Временами, как видим, у Горбачева прорывались поистине глобальные честолюбивые мечты. Хотя, если брать конкретно тот момент, это был момент для них совсем не подходящий. Страна была в тупике, перестройка, даже и в пределах Союза, явно пробуксовывала, — что уж тут замахиваться на мировой масштаб!
Единственное утешение для ее автора и инициатора — разве что вот это звание «Человек десятилетия», полученное от авторитетного журнала. Звание, полученное, конечно, вполне заслуженно: не было в мире в минувшие десять лет более значительной личности, чем Горбачев.
Парад суверенитетов продолжается15 декабря Декларацию о государственном суверенитете принял Верховный Совет Киргизии.

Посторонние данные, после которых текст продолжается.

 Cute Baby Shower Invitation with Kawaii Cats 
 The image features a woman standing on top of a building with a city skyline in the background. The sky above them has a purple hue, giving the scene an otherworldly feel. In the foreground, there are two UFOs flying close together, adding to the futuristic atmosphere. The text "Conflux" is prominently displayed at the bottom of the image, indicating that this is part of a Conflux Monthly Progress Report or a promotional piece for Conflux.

Катастрофа все ближе«Министр торговли СССР К. Терех — председателю Совета министров СССР Н. Рыжкову (декабрь 1990 года):
«За 11 месяцев, по данным Госкомстата СССР, в торговлю недопоставлено… товаров народного потребления на 21,7 миллиарда рублей, в том числе продуктов питания — на 4,3 миллиарда рублей… Особую тревогу вызывает снабжение продуктами животноводства населения Москвы и Ленинграда… Из-за неуплаты счетов по текущему году и отсутствия валютных средств для закупки в первом квартале 1991 года Министерство внешних экономических связей не гарантирует поставки в январе продуктов питания, что приведет к срыву снабжения населения городов Москвы, Ленинграда и других централизованных потребителей… Крайне отрицательно скажутся на поставке товаров легкой промышленности сокращение объемов выделяемых средств для закупки этих товаров по импорту…»
БИТВЫ НА СЪЕЗДАХ
У Ельцина начинаются проблемы с «собственным» парламентомПомимо того, что Ельцину приходилось вести войну с горбачевским Центром, перед ним все более угрожающе разворачивалась еще одна линия фронта — линия противостояния с «собственным» российским парламентом, который он возглавлял. Точнее — с весьма значительной коммуно-«патриотической» его частью. Ничего удивительного в этом не было: достаточно вспомнить, с каким трудом в мае на выборах спикера Ельцин одолел Полозкова, самую реакционную в то время фигуру партноменклатуры, да и вообще, с каким незначительным перевесом в голосах был избран. Поклонники Полозкова, явные и скрытые, никуда не делись. Хотя опора Ельцина депутатская группа «Демократическая Россия» по численности несколько превышала противостоящих ему «Коммунистов России» — 370 депутатов против 360, — к «коммунистам» примыкала еще одна антиельцинская группа — «Россия», около сотни членов. Так что вместе они уже составляли на съезде простое большинство. В дальнейшем коммуно-«патриотам» удастся набрать и квалифицированное большинство — две трети депутатов и более, — позволяющее принимать или отменять конституционные законы. Борьба Ельцина, который к тому времени сделается президентом России, с этой реакционной, антиреформаторской группировкой будет становиться все более ожесточенной и закончится, по сути, кратковременной гражданской войной 3–4 октября 1993 года.